Pierre et Nina se tiennent côte à côte.
Au public.

Pierre. – Là où j’habite, je connais par cœur.
Tous les petits cailloux.
Les brindilles.
Tous les buissons.
Les arbustes.
Les chemins de terre.
Tout.
Je connais tout par cœur.
La boue après la pluie.
Les herbes vertes et puis jaunes.
Les flaques.
Les premiers gels qui recouvrent le paysage en blanc.
L’odeur des feux de bois qui sort des cheminées.
C’est chez moi, je connais par cœur.
Comment on passe du printemps à l’automne. De l’automne à l’hiver, au printemps.
C’est là que je suis né.
En hiver.
Sous la neige.
Enfin pas vraiment sous la neige parce que mes parents,
ils avaient quand même une maison avec un toit sur la tête.
Mais sous la neige parce que dehors, c’était impossible de rejoindre la maternité.
Ça tombait en tempête.
C’est ce qu’ils m’ont raconté, mes parents.
Ça fourrait les voitures dans les talus.
Ça avalait les jambes jusqu’au-dessus des genoux.
Pas un temps à mettre un accouchement dehors, quoi.
Alors ma mère, elle s’est installée confortablement et
avec mon père, ils ont fait ce qu’il fallait pour que j’arrive ici.
Confortablement.
Ce qui fait que c’est difficile d’être plus d’ici que ce que je suis d’ici.
Depuis tout le temps.

Nina. – Pas comme moi !

Pierre. – Pas comme toi, non. Mais ça, au début, on le sait pas.

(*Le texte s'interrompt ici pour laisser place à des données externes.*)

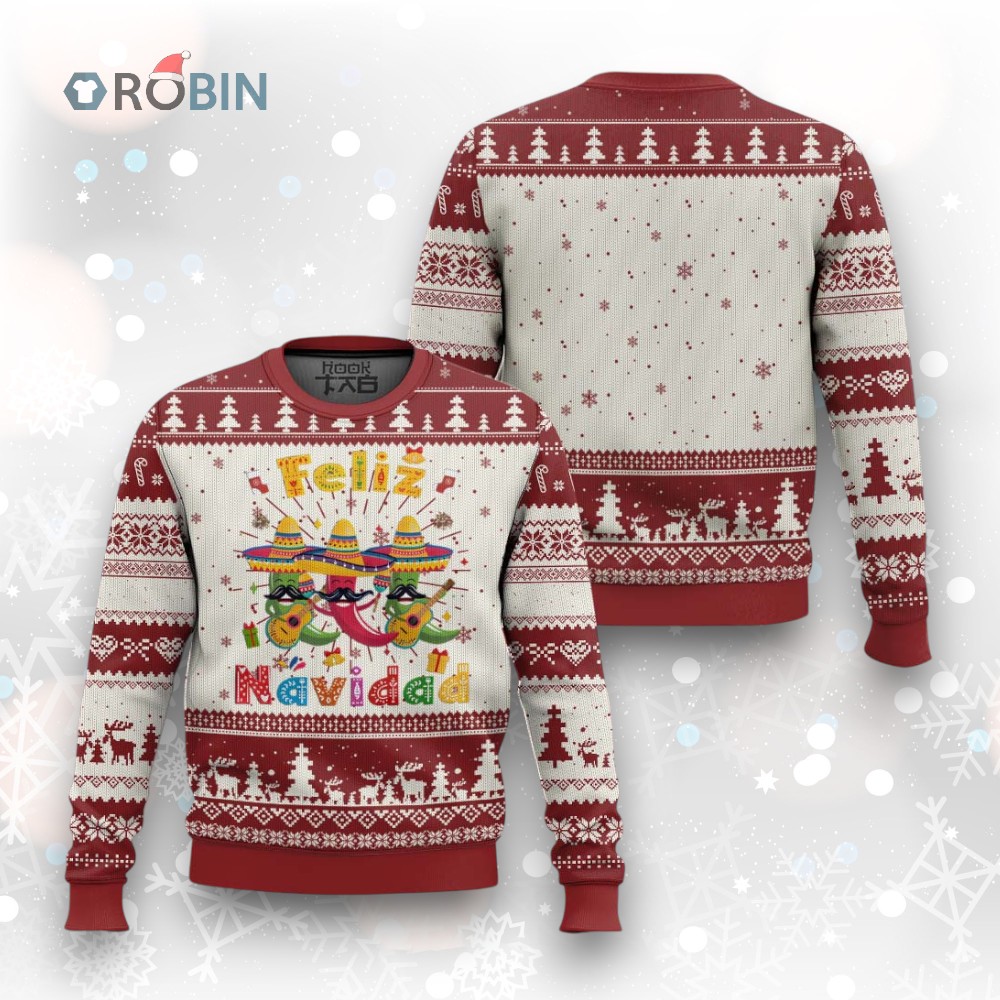 Mexico Xmas Ugly Christmas Sweater Feliz Navidad Mexican Fiesta Hot Pepper Guitar Party Mexico Xmas Ugly Christmas Sweater Feliz Navidad Mexican Fiesta Hot Pepper Guitar Party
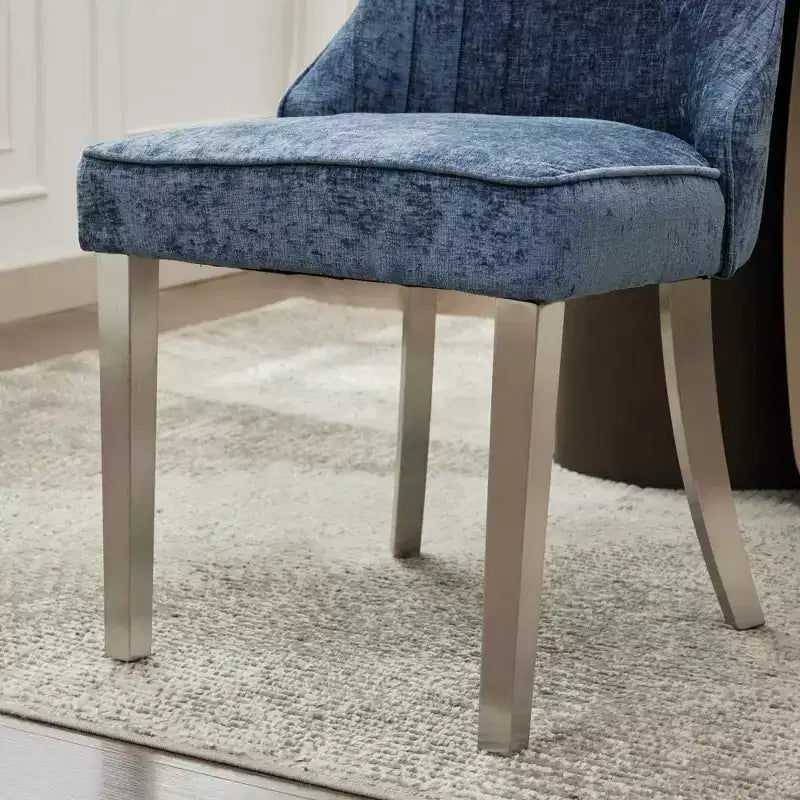Okak Chenille - Lot de 2 chaises de salle à manger, chaises de cuisine modernes avec revêtement en tissu confortable, chaises d'appoint avec pieds en acier inoxydable plaqué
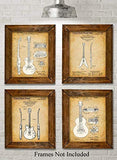 Original Gibson Guitars Patent Art Prints - Set of Four Photos (8x10) Unframed - Makes a Great Gift Under $20 for Guitar Players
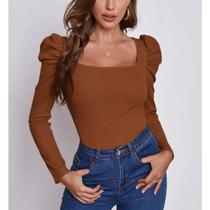 Body feminino canelado manga longa bufante casual fashion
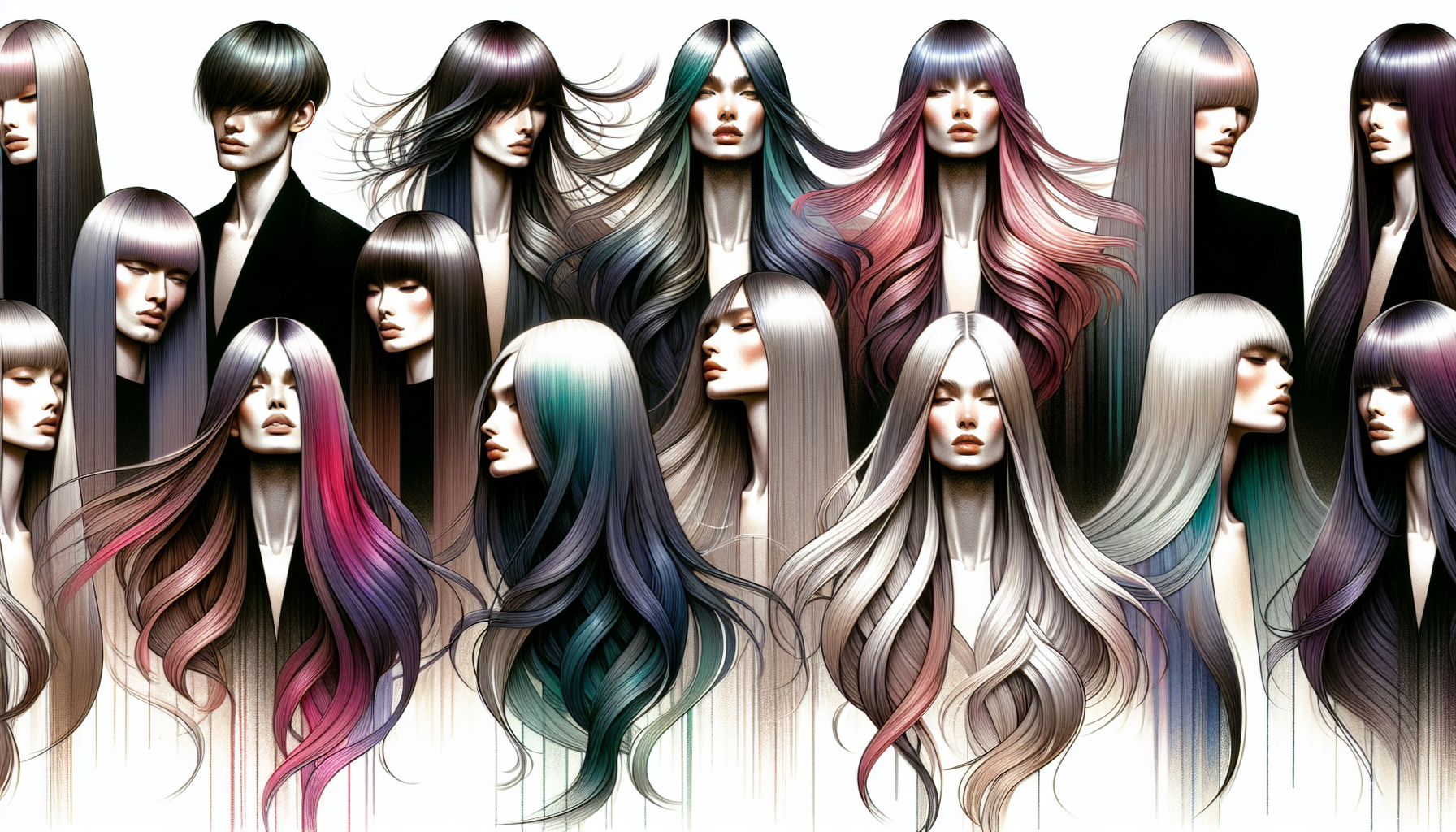 Illustration of modern and edgy ombré hairstyles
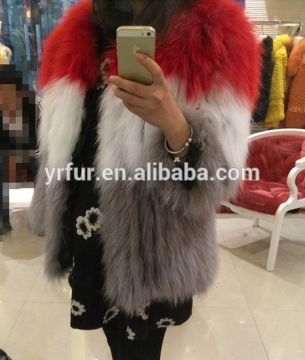 YR920 Knitting Raccoon Fur Jacket/OEM Women Jacket Fur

Nina. – Moi, je connais les trottoirs des grandes villes.
Les trottinettes électriques.
Les vélos-cargos.
Le métro, le tramway, les gares et les aéroports.
J’ai déjà voyagé trois fois à l’autre bout du monde :
la première fois, c’était pour nager au milieu des tortues ;
la deuxième, c’était pour traverser le désert à dos de dromadaire ;
la troisième, pour me perdre au milieu des arbres géants d’une forêt préhistorique.
J’adore.
Quand tout est bleu.
Ou tout gris.
Le vert, partout.
J’adore.
Le bruit des villes dans des langues que tu connais pas.
Les sons qui t’arrivent aux oreilles, que tu aurais même jamais imaginés !
Les klaxons.
Les taxis.
Taxis-voitures.
Taxis-motos.
Taxis-vélos.
Les cris des marchands de trucs qui se mangent et puis, quand tu les approches de ton nez, t’es plus tout à fait sûre de vouloir les goûter…
J’adore.

Pierre. – Ça doit être chouette, quand même.

Nina. – Plus que chouette, sûr. Ce qui fait que quand je me suis retrouvée toute seule ici…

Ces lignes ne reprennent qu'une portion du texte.